O espaço da arte na sociedade playbeck
Alexandre Vargas


Foto de Fernando Pires

“O que pode o pensamento contra todas as forças que, ao nos atravessarem, nos querem fracos, tristes, servos e tolos?”.
Gilles Deleuze

SOMOS ARTÍSTAS EXILADOS. É como se um círculo de giz traçado na circulação de forças — nas igrejinhas cênicas e na cultura da sociedade do Estado do Rio Grande do Sul —, reservasse ao grupo Falos & Stercus o espaço do Hospital Psiquiátrico São Pedro como morada única. O Falos foi puxado e empurrado por todos os ventos e confinado, não obstante, a um percurso milimétrico, como um trapezista sobre um único fio, equilibrando-se em meio á tormenta e por cima do abismo. E a partir daí, nesse espaço do Hospital Psiquiátrico São Pedro, tornou-se a tela de projeção intensíssima da nossa sociedade. Poderia ser pior? Sim, poderia ser o necrotério! Quando chegarmos a isso será uma alusão de que a sociedade é um cadáver. Mas por enquanto vamos ficar nesse espaço de loucura.

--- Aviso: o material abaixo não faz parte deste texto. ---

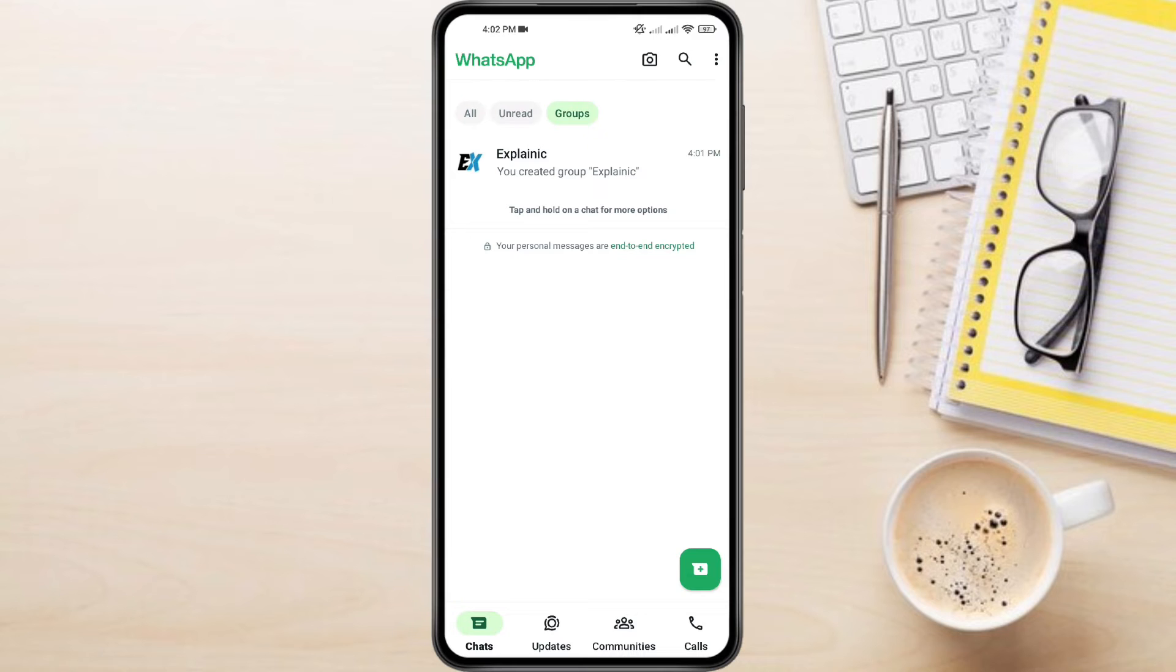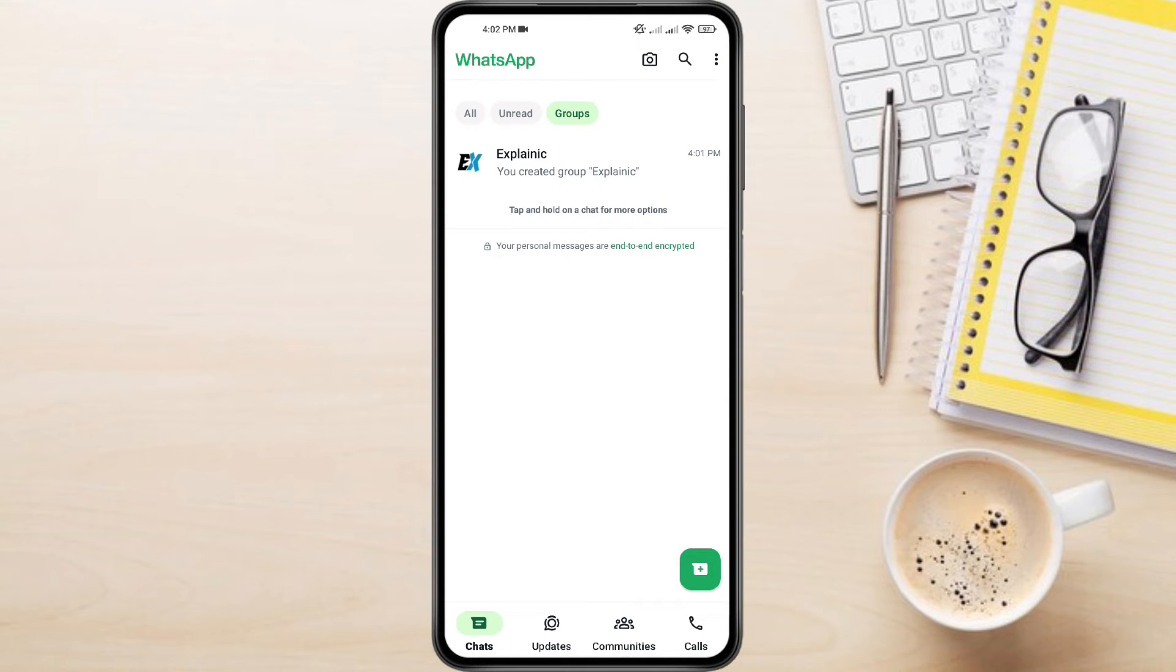There you have it. You'll now see a complete list of all the WhatsApp groups you're currently a member of. These groups will be displayed based on how recently they've been active.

O Falos & Stercus mantém uma postura que o envolve em polêmicas. Leva pessoas a idolatrar o trabalho, debater sobre, prendê-los, tecer comentários difamatórios em torno de sua produção e censurar sua obra. O teatro do Falos não fica de maneira alguma simplificado pelo fato de que seus integrantes deploram o modus operandi do teatro brasileiro, por razões tanto políticas como pessoais. No entanto é possível aprender observando a ação e a obra do grupo no contexto e nos meios dos quais surgiu.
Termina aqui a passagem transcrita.